GUEST POST: Amid tragedy, there is hope

By Deborah Thomson, DVM

There is hope in the goodness of people. Hope in the future. Let me explain.

Let’s start with the reality: we are living a tragedy. There is so much death. Many people are wanting only the best for themselves, their families and their communities, yet they still feel unsure about how to function each day.

Let’s continue with some background: scientists agree that COVID-19 is a disease that originated in a bat but the pandemic is due to the SARS-CoV-2’s mutation that propagated the transmission between people. The bat either was in a wet market or was displaced from a shrinking natural habitat (due to deforestation and/or climate change) and was forced to look for food and shelter near people. (Isn’t that what you would do if your home disappeared?) Whenever there are species that are inappropriately close to each other, there is increased risk of viral mutations and disease spread between species. This scenario includes animal health, environmental health and human health.

This is how One Health affects COVID-19. One Health is the collaboration of people working with animal health (veterinarians, public health experts, wildlife specialists, veterinary epidemiologists), environmental health (ecologists, conservationists, climate change specialists, water analysts) and human health (physicians, public health experts, epidemiologists, sociologists).

The COVID-19 pandemic highlights why teaching children about One Health is important. If more people grow up appreciating and understanding that our health heavily relies on the health of animals and the environment, society’s view of the environment will change. 

While the world surpasses 10 million cases of COVID-19, there is an inspirational global volunteer One Health educational initiative that is translating free, online and interactive COVID-19 lessons from into over 30 languages to teach children and adults about this holistic One Health view. This collaborative action can change the world!

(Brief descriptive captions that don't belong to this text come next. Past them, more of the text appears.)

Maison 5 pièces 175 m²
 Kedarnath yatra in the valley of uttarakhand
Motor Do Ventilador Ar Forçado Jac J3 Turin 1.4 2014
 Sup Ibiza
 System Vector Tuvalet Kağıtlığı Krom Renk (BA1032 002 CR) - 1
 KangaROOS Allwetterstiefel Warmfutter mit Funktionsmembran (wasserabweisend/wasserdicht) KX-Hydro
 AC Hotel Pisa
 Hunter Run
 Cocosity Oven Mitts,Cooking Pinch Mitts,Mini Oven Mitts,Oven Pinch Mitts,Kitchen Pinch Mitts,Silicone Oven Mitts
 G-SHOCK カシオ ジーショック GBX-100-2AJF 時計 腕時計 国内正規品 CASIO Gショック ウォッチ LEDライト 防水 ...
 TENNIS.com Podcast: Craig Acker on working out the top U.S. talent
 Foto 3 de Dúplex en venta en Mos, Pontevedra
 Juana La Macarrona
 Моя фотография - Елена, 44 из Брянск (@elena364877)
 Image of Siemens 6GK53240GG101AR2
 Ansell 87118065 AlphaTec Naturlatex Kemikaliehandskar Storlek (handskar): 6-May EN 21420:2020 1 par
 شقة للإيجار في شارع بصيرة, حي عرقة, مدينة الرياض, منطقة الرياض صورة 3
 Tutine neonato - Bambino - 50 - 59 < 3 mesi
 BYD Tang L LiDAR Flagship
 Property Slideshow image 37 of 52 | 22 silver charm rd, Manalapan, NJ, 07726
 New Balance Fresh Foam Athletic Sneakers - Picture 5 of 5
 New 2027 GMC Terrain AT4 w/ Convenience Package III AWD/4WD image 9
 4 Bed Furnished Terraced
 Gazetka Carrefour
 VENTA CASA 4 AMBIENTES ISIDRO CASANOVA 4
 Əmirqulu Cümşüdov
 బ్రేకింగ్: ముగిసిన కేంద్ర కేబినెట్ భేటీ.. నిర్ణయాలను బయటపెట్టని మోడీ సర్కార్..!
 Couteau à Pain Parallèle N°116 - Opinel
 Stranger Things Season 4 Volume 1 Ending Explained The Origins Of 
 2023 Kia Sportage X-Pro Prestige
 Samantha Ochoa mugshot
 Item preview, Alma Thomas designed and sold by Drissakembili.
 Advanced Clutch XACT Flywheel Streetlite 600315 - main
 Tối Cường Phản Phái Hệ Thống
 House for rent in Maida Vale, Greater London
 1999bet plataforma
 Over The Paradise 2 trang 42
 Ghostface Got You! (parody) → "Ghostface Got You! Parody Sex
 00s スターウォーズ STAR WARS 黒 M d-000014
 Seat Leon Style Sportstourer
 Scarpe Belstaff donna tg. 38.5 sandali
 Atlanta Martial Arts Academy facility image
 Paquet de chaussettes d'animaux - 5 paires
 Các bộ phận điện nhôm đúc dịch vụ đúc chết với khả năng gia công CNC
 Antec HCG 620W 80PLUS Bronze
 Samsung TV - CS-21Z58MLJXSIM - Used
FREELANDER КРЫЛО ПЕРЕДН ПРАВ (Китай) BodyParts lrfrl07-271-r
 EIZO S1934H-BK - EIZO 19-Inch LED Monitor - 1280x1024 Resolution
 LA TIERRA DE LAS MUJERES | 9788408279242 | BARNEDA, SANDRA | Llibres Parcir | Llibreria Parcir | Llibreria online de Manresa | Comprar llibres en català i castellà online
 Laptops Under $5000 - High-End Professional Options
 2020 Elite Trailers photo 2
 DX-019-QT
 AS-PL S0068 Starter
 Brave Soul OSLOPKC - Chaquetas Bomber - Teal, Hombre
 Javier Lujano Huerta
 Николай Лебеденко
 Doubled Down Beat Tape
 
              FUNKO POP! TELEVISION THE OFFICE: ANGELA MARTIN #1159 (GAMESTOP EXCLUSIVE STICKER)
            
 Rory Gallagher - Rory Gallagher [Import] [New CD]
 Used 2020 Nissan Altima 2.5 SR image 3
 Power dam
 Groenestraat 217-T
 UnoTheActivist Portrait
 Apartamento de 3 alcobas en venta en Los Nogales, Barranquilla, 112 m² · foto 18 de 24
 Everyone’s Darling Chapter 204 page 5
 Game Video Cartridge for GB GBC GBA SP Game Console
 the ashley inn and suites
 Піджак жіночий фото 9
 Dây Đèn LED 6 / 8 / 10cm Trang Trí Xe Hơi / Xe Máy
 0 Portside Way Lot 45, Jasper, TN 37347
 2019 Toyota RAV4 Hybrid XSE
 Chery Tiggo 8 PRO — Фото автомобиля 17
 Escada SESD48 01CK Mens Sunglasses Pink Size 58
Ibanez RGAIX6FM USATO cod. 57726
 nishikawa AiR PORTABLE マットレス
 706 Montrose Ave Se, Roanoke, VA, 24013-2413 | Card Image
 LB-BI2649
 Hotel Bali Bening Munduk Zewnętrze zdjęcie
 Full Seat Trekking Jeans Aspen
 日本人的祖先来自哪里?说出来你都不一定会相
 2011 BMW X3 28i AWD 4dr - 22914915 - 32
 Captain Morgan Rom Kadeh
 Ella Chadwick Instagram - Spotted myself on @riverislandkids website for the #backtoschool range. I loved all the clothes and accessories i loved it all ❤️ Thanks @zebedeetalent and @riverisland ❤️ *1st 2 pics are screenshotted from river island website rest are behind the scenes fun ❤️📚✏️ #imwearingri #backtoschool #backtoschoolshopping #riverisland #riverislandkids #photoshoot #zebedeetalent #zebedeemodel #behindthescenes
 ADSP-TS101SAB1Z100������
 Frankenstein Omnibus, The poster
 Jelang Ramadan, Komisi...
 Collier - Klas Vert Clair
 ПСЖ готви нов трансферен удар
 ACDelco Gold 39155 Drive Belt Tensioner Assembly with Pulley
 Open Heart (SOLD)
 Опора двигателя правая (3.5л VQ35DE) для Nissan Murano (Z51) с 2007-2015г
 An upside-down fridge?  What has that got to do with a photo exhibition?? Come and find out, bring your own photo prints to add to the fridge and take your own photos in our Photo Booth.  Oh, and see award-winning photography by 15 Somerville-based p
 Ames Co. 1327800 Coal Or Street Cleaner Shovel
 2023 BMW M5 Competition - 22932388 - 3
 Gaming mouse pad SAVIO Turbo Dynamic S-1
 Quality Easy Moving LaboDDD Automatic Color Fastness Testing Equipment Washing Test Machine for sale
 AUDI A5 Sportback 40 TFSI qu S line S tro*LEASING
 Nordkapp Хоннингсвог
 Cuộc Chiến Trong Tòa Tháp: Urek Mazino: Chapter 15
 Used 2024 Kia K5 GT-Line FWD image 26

The translated lessons teach students (from the age of 6 years old) where the virus likely came from, how to protect ourselves today, what scientists are doing today to keep us safe in the future and spark general interest in science.

This world-wide initiative is truly One Health in action- with volunteers from many backgrounds working together to promote the health of people, animals and the environment. After all, the COVID-19 lessons were not created merely for the English-speaking world. They were made for The World. And people from around the world are coming together, despite our many differences, to reach the next generation and beyond. And this gives us hope.